Data segment: Begin
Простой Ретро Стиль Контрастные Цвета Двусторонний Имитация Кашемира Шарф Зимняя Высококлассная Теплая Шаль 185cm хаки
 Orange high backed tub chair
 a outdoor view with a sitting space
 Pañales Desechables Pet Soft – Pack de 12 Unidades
Data segment: End
What is needed is an exact printout of every line from the one with "Orange high backed tub chair" through the end of the data, including both, and nothing more.

 Orange high backed tub chair
 a outdoor view with a sitting space
 Pañales Desechables Pet Soft – Pack de 12 Unidades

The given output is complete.